Addressing an All Parliamentary Group for East Asian Business, Shiell explained that global business is often conducted at an all-too-superficial level. In order to combat that, Shiell and his team in London bring several hundred Chinese CEOs to the UK every year in small groups as part of CKGSB’s Global CEO program, with the aim of fostering deeper links between East and West – and making business more efficient as a result.
The assembled crowd heard how these Chinese executives want to create global brands, make acquisitions, form joint ventures and diversify investment portfolios, but they also realize the importance of finding the right western partners and building solid relationships. The perspectives of each side can stem from polar opposites, but, given time, Shiell believes that human interaction can bridge those gaps.
“How have we become who we are we today, what shaped us, and where are we headed? This is something CKGSB understands. Our Chinese clients are trying to make sense of the world and their place in it, while our UK clients are trying to make sense of the opportunities created by China’s economic rise. Whilst it is clear that the two sides are keen to work together, our observation is that both can struggle to develop the dual perspectives and understanding they need,” Shiell said.

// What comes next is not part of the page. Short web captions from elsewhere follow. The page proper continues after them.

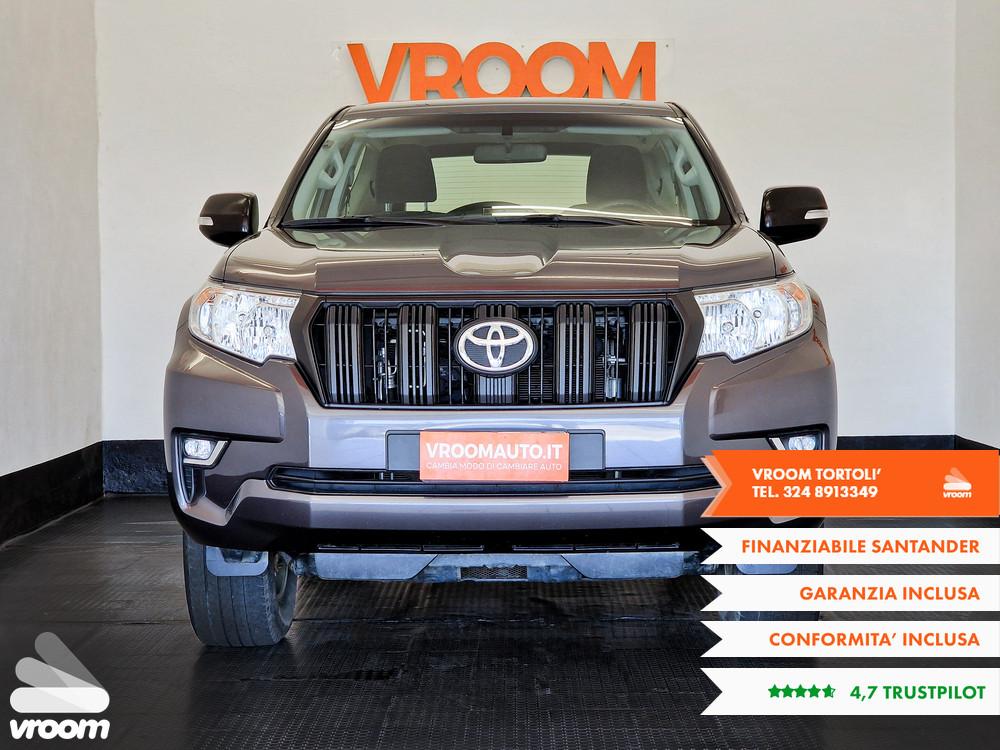 TOYOTA Land Cruiser150/155 Land Cruiser 2.8 D4-...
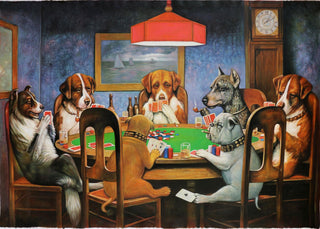 Coolidge - Dogs Playing Poker (A Friend in Need)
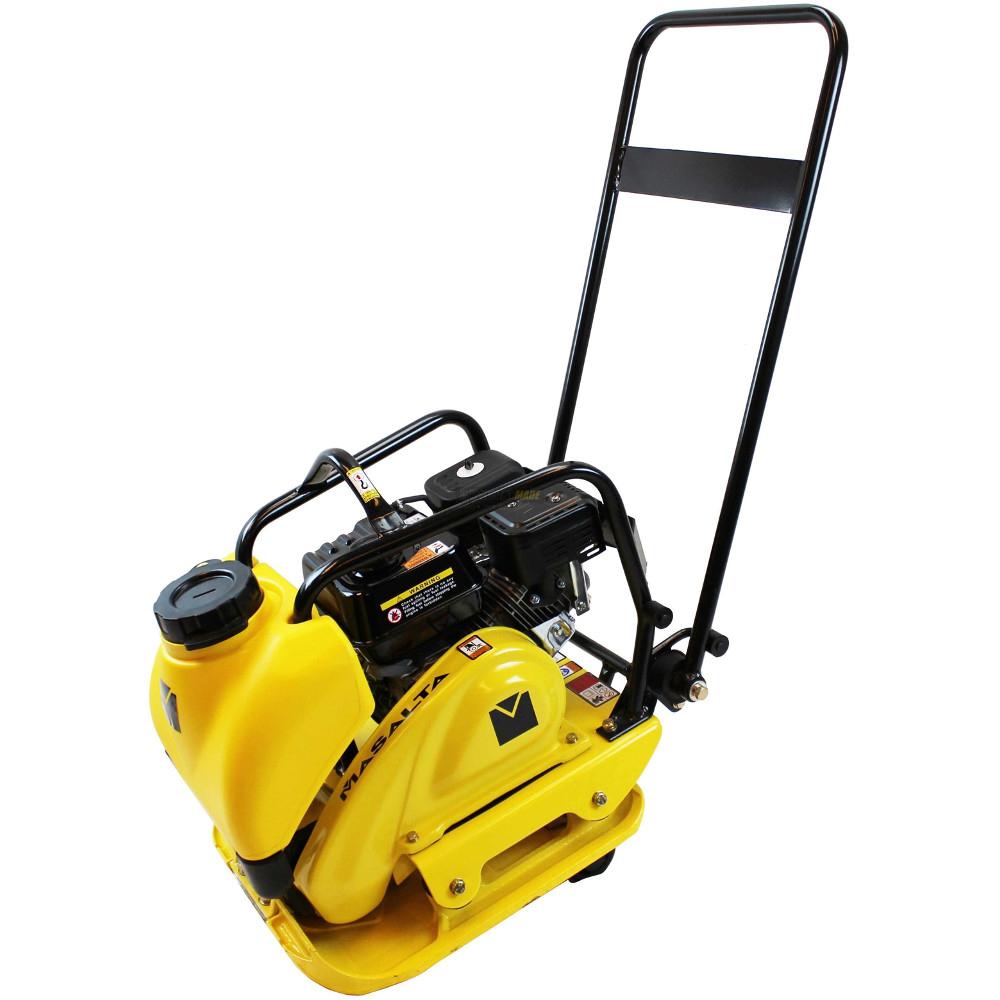 Placa compactoare Masalta MS90-2, 6.5 CP, forta centrifuga 13 kN
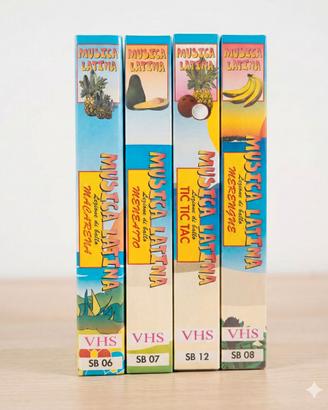 Merengue, Macarena, ... Lezioni di ballo 4 VHS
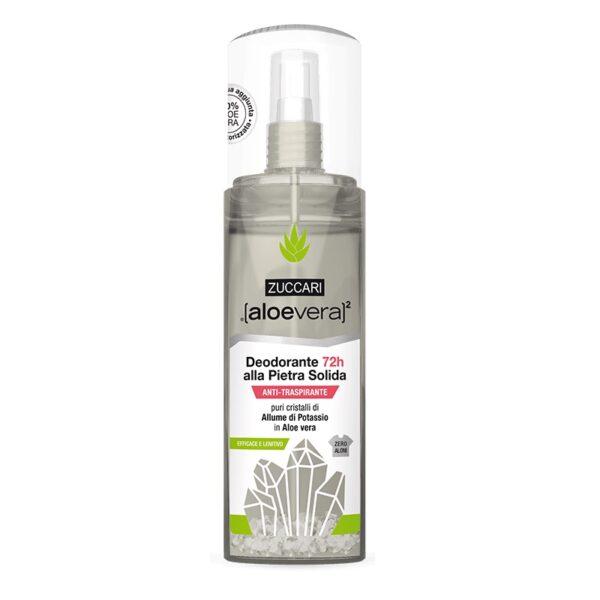 DEODORANTE 72H ALLA PIETRA SOLIDA SPRAY | ZUCCARI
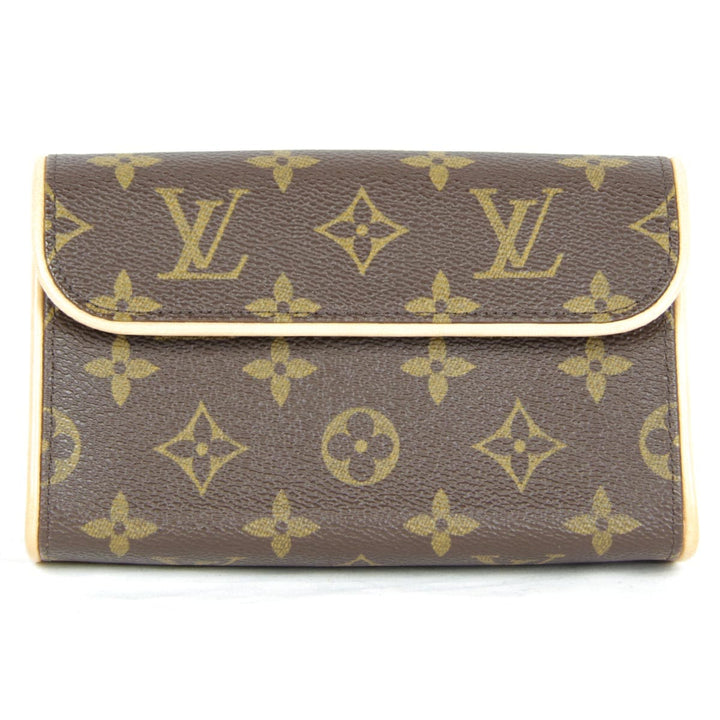 LOUIS VUITTON ルイ・ヴィトン 
 ポシェットフロランティーヌ M51855 ショルダーバッグ 
モノグラムキャンバス モノグラム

But Shiell pointed to Huawei’s ability to integrate in the UK and Jaguar Land Rover’s success in accessing and serving Chinese consumers as prime examples of how true understanding can elevate a company above its rivals. Most often than not, the key is to think outside the box by applying a new and refreshing take on a familiar problem to become conversant across a range of models, mindsets and behaviors. But, unfortunately, many schools around the world today maintain the ‘business as usual’ mantra – and that no longer works.
Nearly 90% of case studies used in business school teaching worldwide focus on western firms operating in the west, but as Shiell humorously pointed out, when it comes to understanding the leadership, strategic intent or management activities of Chinese counterparts, that is the equivalent of studying German in order to understand Arabic.
Shiell then explained CKGSB’s belief that the future of management education is not the amplification of dominant local thinking, but rather the exploration, adaption and integration of contradictory ideas. CKGSB’s upcoming Dual Executive MBA program with IMD in Switzerland – currently top of the FT global rankings will combine the best learning from East and West to do exactly that. Only by understanding both sides of the coin can Chinese and western executives deliver on the rich promise of future global partnerships.